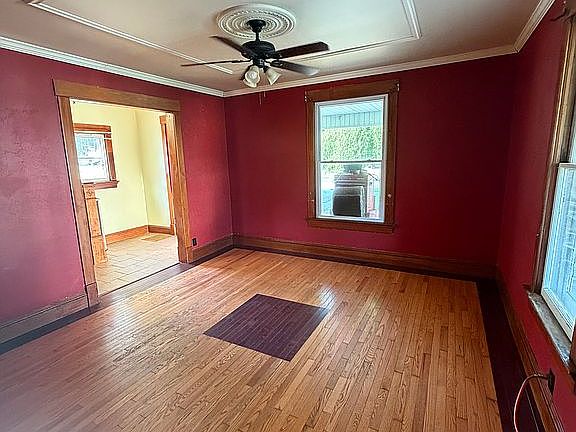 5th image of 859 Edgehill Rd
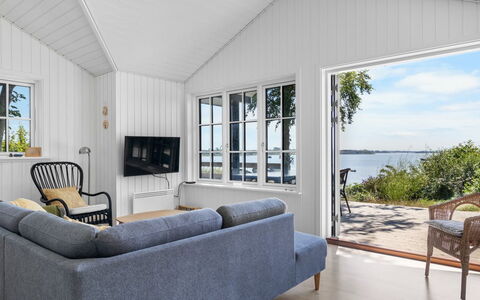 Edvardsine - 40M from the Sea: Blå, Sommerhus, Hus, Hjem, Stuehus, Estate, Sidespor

=======

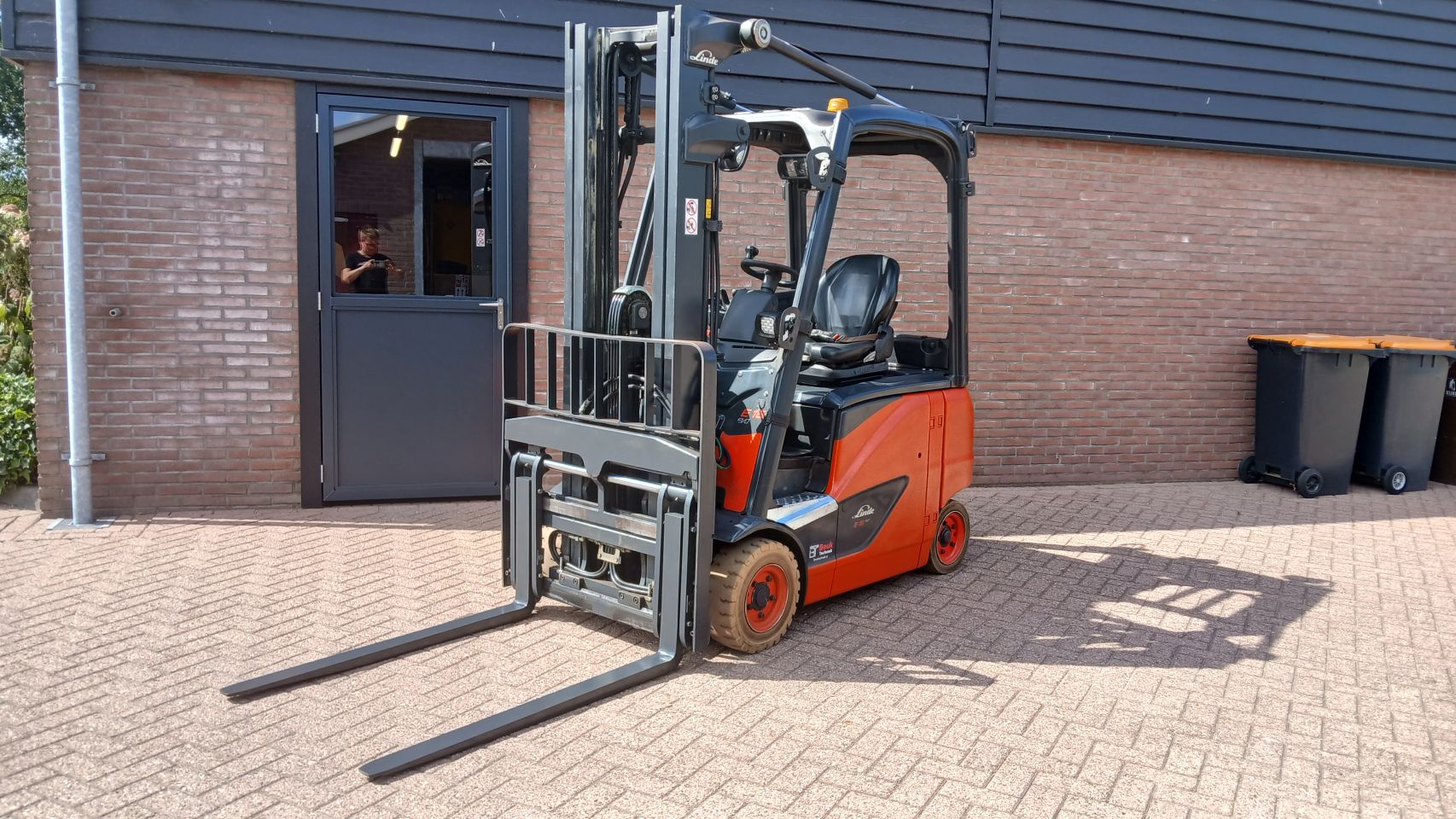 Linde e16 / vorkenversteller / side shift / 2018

=======

*Task goal*.
In the data above, start at the line holding "5th image of 859 Edgehill Rd" and stop after the line holding "Edvardsine - 40M"; write out those lines exactly, without pictures.

*Output of the task*.
 5th image of 859 Edgehill Rd
 Edvardsine - 40M from the Sea: Blå, Sommerhus, Hus, Hjem, Stuehus, Estate, Sidespor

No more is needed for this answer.